## Task directions
Exercise in exact copying: restate word for word only the lines below from the one containing "Dabbing Panda Glas (Vorderseite)" through the one containing "Cocktail Barkeeper Team", omitting any pictures.

## Data for analysis
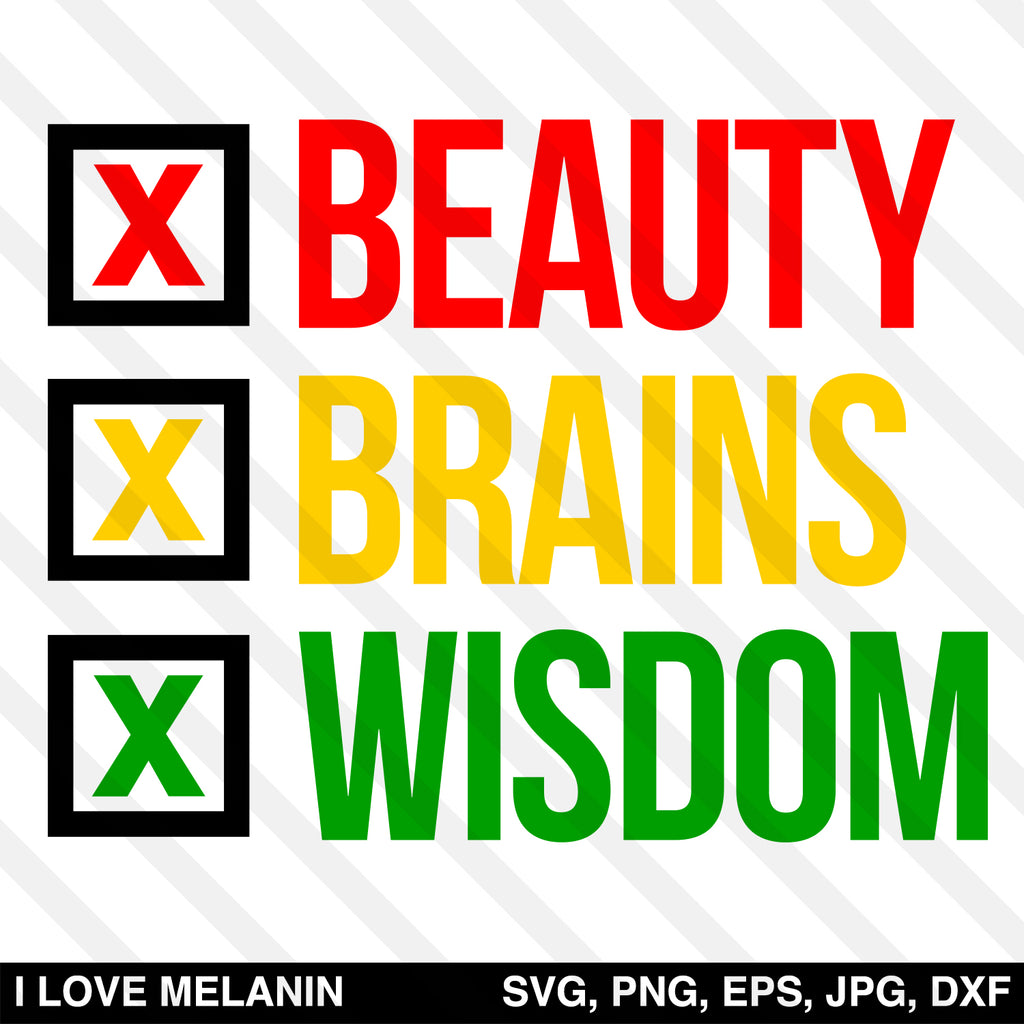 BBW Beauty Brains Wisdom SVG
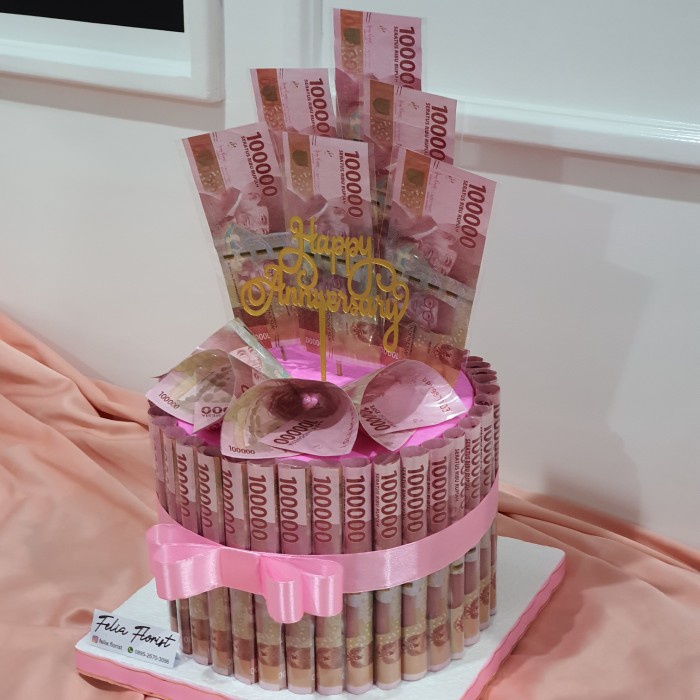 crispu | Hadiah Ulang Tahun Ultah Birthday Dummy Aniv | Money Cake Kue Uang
---
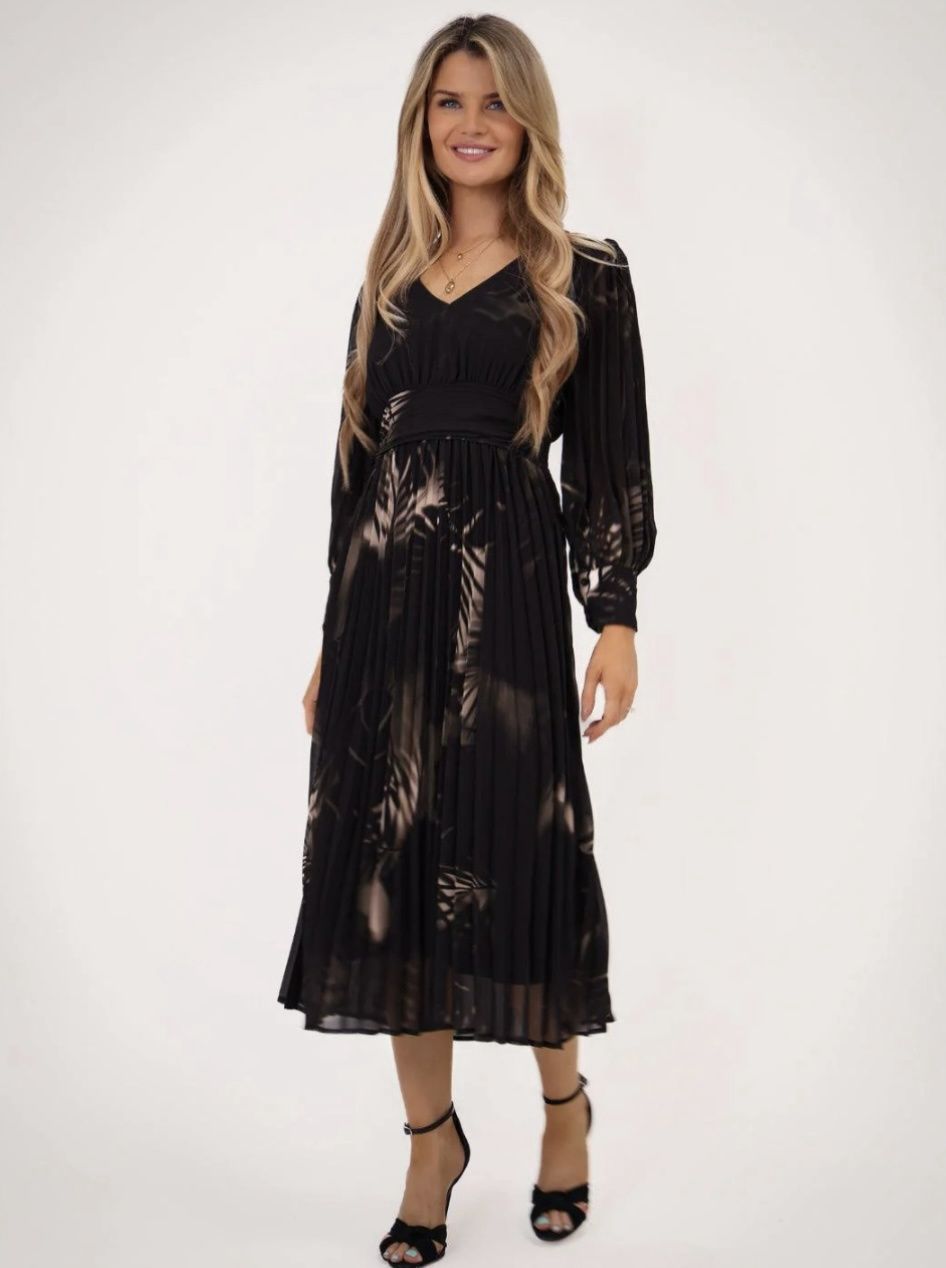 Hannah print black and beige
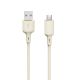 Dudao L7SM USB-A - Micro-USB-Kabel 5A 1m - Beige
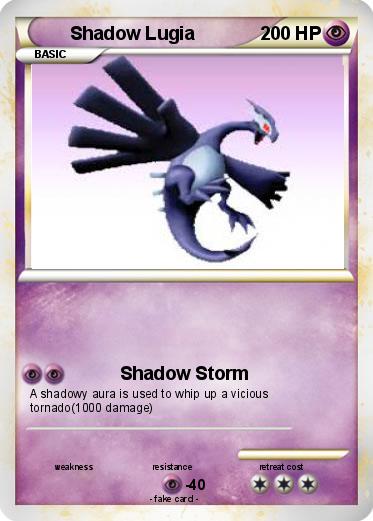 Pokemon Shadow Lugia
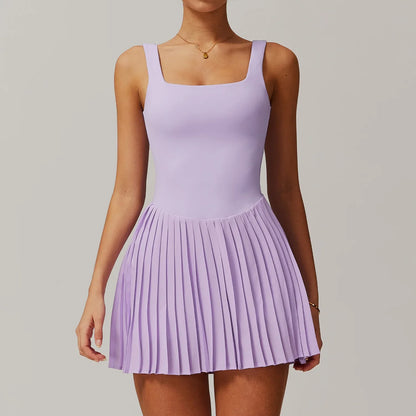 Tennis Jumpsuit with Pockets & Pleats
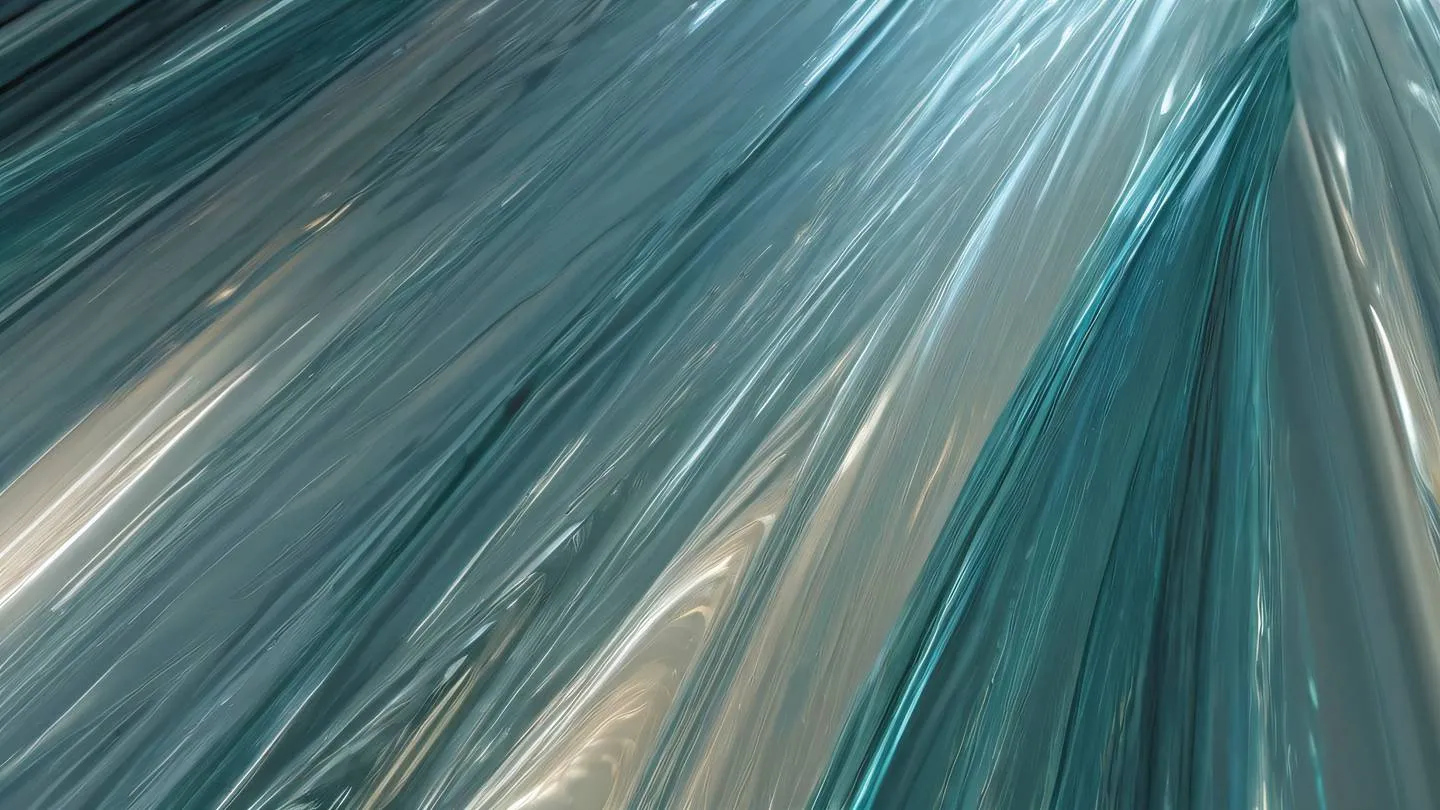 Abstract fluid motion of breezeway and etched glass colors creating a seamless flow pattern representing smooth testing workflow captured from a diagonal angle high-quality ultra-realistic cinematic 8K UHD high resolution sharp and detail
* * *
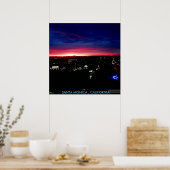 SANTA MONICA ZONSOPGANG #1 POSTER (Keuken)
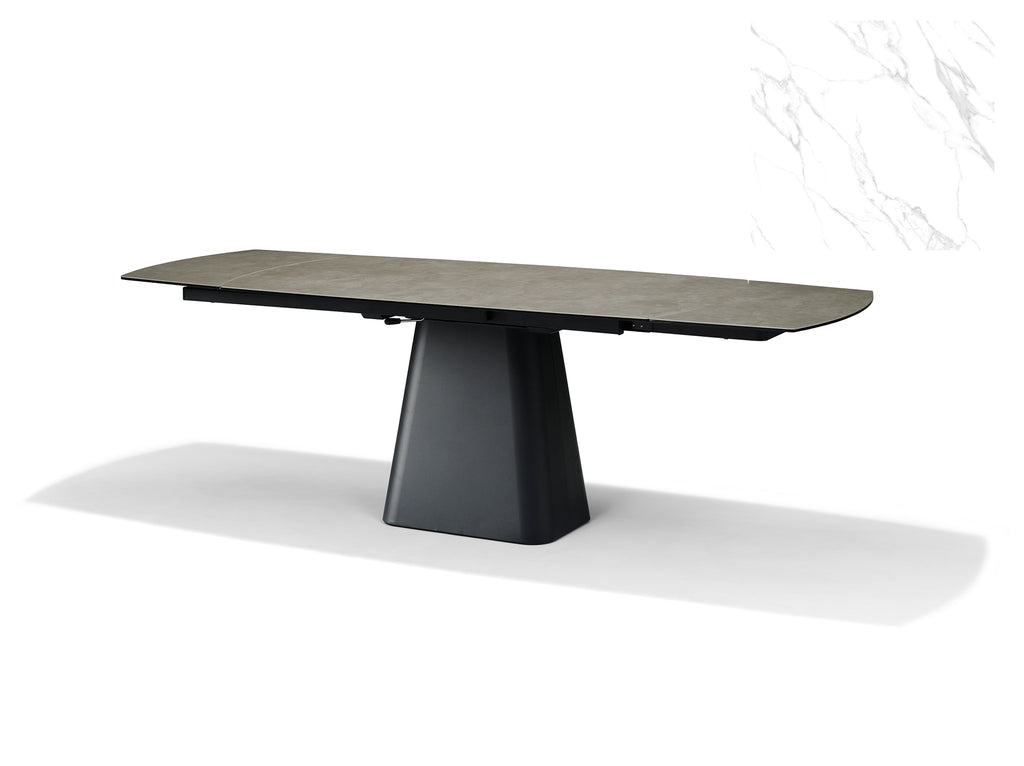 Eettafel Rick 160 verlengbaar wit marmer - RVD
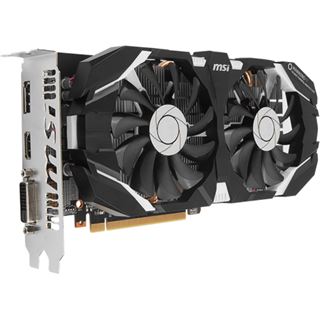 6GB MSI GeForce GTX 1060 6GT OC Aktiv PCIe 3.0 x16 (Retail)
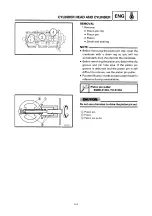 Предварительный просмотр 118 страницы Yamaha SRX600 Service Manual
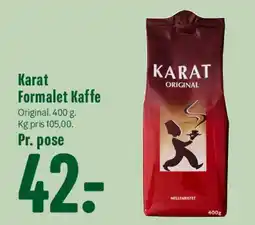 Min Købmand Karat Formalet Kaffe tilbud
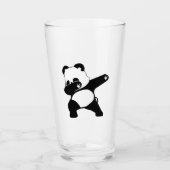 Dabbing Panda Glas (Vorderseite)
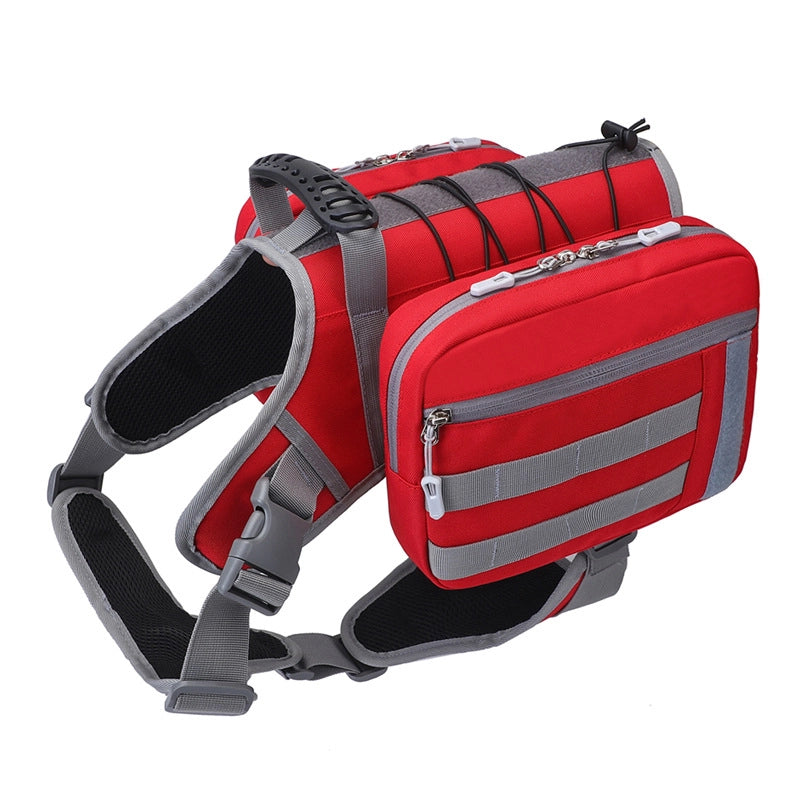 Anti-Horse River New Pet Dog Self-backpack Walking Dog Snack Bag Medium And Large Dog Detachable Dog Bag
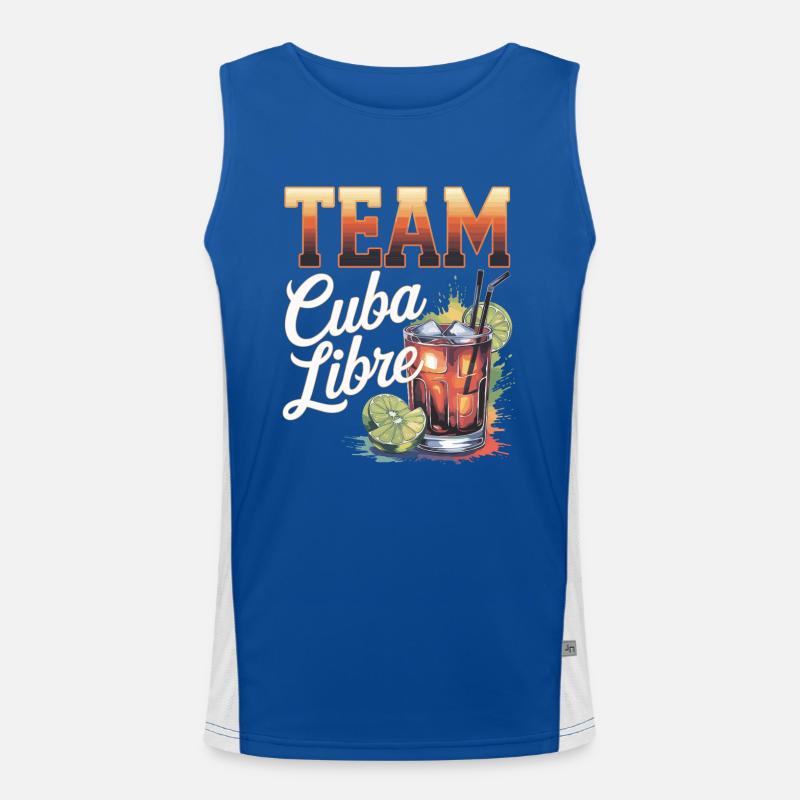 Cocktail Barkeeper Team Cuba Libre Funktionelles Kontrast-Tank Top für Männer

## Problem solution
 Dabbing Panda Glas (Vorderseite)
 Anti-Horse River New Pet Dog Self-backpack Walking Dog Snack Bag Medium And Large Dog Detachable Dog Bag
 Cocktail Barkeeper Team Cuba Libre Funktionelles Kontrast-Tank Top für Männer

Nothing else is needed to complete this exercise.